Estaba feliz de abandonar el maldito Imperio, pero lamentó no haber encontrado a su benefactora.
Consideró quedarse en el Imperio para buscarla, pero abandonó la idea debido a su pierna herida.
Con su naturaleza impulsiva, Barnetsa sabía que quedarse en el Imperio podría terminar preocupando más a su benefactor.
—Hermano, ¿estás durmiendo?
La voz de Enoch interrumpió los pensamientos de Barnetsa, llenos de preocupaciones sobre su herida y su benefactor.
—No, entra.
Cuando Enoch entró, Barnetsa ajustó rápidamente su postura.
—¿Qué pasa?
—Hermano, la encontré. La benefactora que me salvó.
—¿Eh?
—¡Sí, la mujer que me salvó la vida!
—¿En serio? ¿Dónde está? ¿Está bien?
—Claro que está bien. De hecho, ella...
Enoch susurró y los ojos de Barnetsa se abrieron en estado de shock.
—¿Se casó con Su Alteza?
Al mismo tiempo, Dietrian se encontraba frente a una puerta firmemente cerrada, con el corazón acelerado por la tensión.
Era su noche de bodas.
Sólo tenía que tocar y la puerta se abría, pero se sentía increíblemente nervioso.
Toc. Toc.
—…Por favor, pasa.
Agarró el pomo de la puerta con cautela.

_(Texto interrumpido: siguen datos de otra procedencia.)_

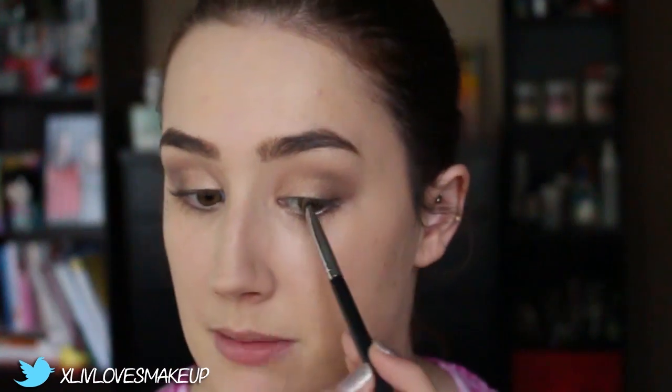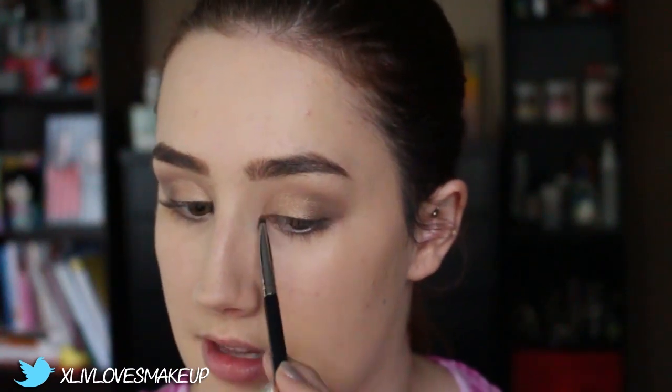Now that all the blending's done, I'm going to go back in with Guilty Pleasure — the golden shade — taking it on a short eyeshadow brush by XO Beauty and packing it into the inner corner. I just want the look to be very monochromatic — just two colours, very simple. And I'm also going to blend this underneath my lower lash line right the way along.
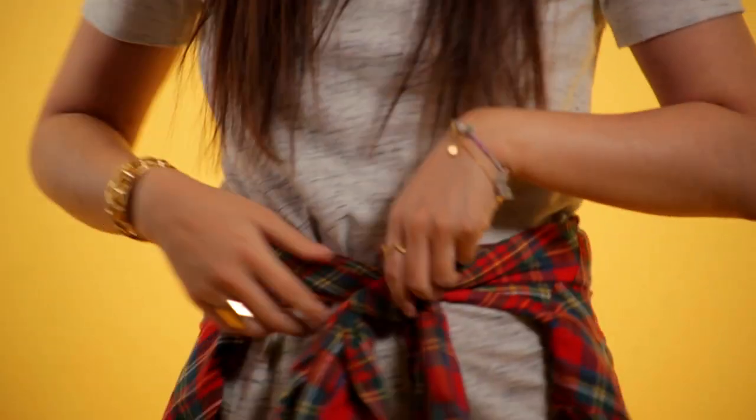The key to a good-looking flannel is to make sure it looks perfectly unperfect, so the trick is not to overthink it. Just make sure that you have a couple of modifications when you're quickly tying it on and it can make a world of difference.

Aunque sentía que el corazón le iba a estallar, intentó mantener la calma, pensando qué decirle.
«Estoy profundamente enamorado de ti. Me pareces tan encantadora que me estás volviendo loco...»
Se reprendió mentalmente por tales pensamientos y trató de organizar sus palabras de forma más apropiada.
«Debes estar muy nerviosa. No te preocupes. Como dije antes, no haré nada que te incomode. Así que…»
Cuando abrió la puerta con palabras practicadas en mente, lo primero que vio Dietrian fue ropa cuidadosamente doblada y colocada sobre una silla.
Parpadeó sorprendido.
Había muchas prendas y todas pertenecían a Leticia.
Aún más sorprendente era la prenda que llevaba encima, parecida a un negligé. Seguramente, ella no...
Al girar su rígido cuello, vio a Leticia, apenas cubierta con una manta, mirándolo tensa.
—Hola —dijo en voz baja.
Dietrian se quedó sin palabras.
—Ya me he desnudado, así que no necesitas molestarte.
Mientras sus hombros brillaban pálidamente bajo la luz, la mente de Dietrian se quedó en blanco nuevamente.